Vídeos Automotivos: C’était un rendez-vous...


Uma vez, um cineasta chamado Claude Lelouch decidiu apenas pegar seu carro, esportivo, uma câmera para gravar, e sair dirigindo nas ruas de paris em 1976 ao amanhecer. Esse é a história contada por um curta-metragem. Mas o que tem de tão legal nesse vídeo, que foi um filme produzido por Claude, sendo que nem o próprio carro aparece no vídeo? Simples, primeiramente porque foi feito nas ruas estreitas de Paris, cidade conhecida por sua beleza, segundo que os carros da época dão uma magia que atualmente não existe mais. Tudo que está no vídeo, exceto as construções e monumentos, não existem mais. Os carros? Não são mais daquele jeito. As pessoas? Não são mais daquele jeito. A cidade? Também não é mais daquele jeito.

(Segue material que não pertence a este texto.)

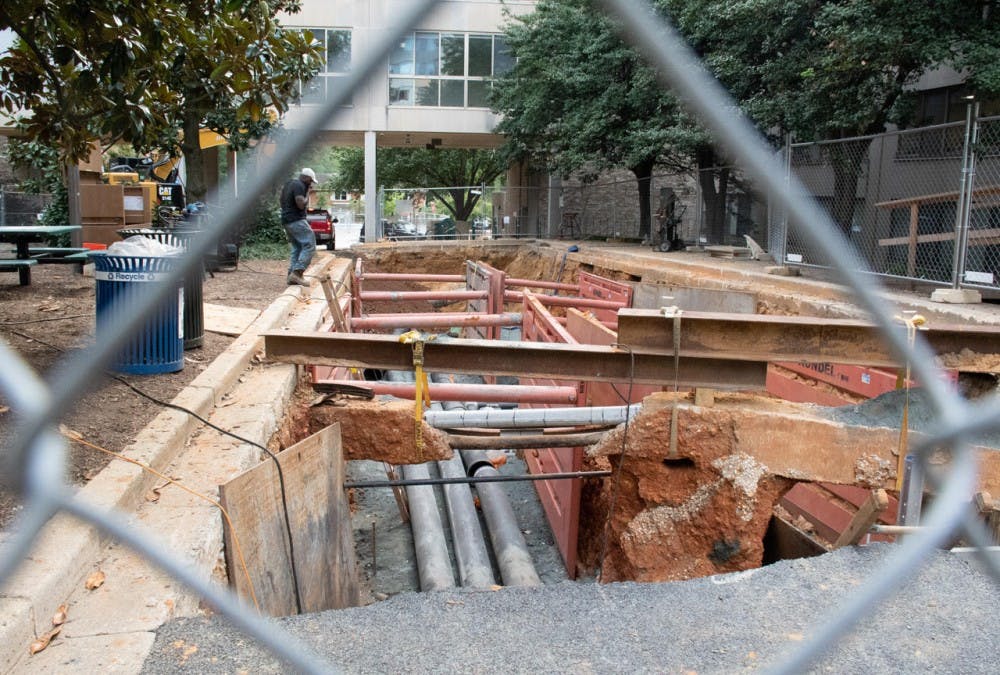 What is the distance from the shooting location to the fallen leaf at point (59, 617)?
2551 mm

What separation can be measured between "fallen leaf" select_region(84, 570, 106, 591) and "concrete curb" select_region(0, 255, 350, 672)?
0.09ft

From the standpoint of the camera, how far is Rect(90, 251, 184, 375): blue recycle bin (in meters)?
5.00

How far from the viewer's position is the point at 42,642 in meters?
2.43

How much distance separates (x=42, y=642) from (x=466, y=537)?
4836mm

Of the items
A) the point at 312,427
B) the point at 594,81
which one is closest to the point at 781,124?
the point at 594,81

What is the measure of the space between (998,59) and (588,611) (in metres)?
9.89

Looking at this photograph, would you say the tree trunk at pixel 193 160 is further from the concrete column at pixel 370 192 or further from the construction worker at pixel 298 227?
the concrete column at pixel 370 192

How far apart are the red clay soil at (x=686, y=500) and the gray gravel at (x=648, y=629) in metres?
1.34

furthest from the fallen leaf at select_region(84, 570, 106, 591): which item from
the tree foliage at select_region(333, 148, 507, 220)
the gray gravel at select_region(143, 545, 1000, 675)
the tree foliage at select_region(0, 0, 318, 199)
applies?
the tree foliage at select_region(333, 148, 507, 220)

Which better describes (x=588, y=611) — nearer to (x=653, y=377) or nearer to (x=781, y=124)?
(x=653, y=377)

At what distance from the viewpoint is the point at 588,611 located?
377 cm

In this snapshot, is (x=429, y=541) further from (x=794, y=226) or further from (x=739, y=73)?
(x=739, y=73)

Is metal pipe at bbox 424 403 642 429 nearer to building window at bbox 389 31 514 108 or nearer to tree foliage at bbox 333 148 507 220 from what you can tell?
building window at bbox 389 31 514 108

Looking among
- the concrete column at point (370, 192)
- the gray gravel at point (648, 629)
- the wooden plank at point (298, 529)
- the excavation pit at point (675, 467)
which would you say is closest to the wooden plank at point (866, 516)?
the gray gravel at point (648, 629) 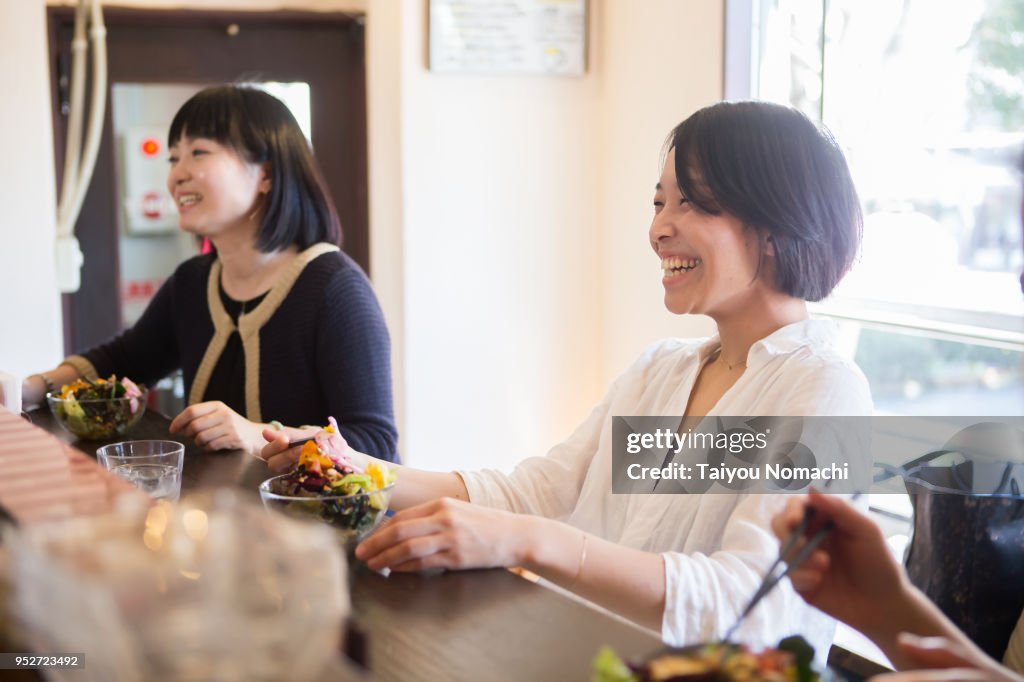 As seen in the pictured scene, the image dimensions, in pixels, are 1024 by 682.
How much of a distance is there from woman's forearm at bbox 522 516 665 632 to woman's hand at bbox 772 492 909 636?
244 millimetres

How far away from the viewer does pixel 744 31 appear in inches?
118

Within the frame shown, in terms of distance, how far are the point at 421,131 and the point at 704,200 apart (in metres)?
2.04

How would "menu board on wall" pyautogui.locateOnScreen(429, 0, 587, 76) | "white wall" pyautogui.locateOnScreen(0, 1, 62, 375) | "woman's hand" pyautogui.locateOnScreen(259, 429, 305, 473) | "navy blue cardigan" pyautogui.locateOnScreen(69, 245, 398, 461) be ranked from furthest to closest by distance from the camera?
"menu board on wall" pyautogui.locateOnScreen(429, 0, 587, 76), "white wall" pyautogui.locateOnScreen(0, 1, 62, 375), "navy blue cardigan" pyautogui.locateOnScreen(69, 245, 398, 461), "woman's hand" pyautogui.locateOnScreen(259, 429, 305, 473)

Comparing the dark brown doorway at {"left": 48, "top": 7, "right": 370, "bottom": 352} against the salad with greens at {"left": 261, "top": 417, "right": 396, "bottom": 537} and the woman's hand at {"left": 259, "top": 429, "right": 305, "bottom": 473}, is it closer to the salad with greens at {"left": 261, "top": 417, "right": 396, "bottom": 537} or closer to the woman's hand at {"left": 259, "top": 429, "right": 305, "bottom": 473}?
the woman's hand at {"left": 259, "top": 429, "right": 305, "bottom": 473}

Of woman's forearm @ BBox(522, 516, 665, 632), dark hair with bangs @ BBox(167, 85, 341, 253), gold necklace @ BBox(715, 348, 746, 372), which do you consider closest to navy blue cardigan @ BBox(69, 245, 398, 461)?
dark hair with bangs @ BBox(167, 85, 341, 253)

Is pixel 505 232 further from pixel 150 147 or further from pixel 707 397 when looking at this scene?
pixel 707 397

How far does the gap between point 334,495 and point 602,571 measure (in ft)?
1.07

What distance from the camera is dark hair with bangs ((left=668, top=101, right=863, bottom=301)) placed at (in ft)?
5.07

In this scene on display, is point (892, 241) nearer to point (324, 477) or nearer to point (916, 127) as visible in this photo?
point (916, 127)

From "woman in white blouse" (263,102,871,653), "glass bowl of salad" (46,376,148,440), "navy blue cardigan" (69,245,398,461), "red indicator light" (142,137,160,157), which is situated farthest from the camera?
"red indicator light" (142,137,160,157)

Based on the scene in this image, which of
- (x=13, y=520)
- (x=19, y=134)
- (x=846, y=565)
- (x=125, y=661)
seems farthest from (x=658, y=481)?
(x=19, y=134)

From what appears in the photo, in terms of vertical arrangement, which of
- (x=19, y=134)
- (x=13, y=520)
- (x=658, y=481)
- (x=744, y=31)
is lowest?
(x=658, y=481)

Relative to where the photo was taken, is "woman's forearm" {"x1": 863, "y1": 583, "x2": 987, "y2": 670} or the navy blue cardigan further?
the navy blue cardigan

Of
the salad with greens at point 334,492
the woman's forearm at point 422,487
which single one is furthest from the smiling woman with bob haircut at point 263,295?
the salad with greens at point 334,492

Pelo ronco do carro e o contexto do video, parece ser como um Ferrari 275 GTB andando em alta velocidade, assustando pombas, pessoas, invadindo calçadas e ruas de contra mão, realmente confirma que se trata de um carro esportivo nas mãos de alguém atrasado para um encontro.


Dirigir ao amanhecer em uma metrópole, seja Paris, São Paulo, Nova York, em 1976 com toda a velocidade demonstrada no vídeo, certamente não seria a mesma coisa hoje, pois poderia resultar em cadeia e não teria a menor graça por ser uma época que nós vivemos, e não décadas atrás como mostrado no curta-metragem.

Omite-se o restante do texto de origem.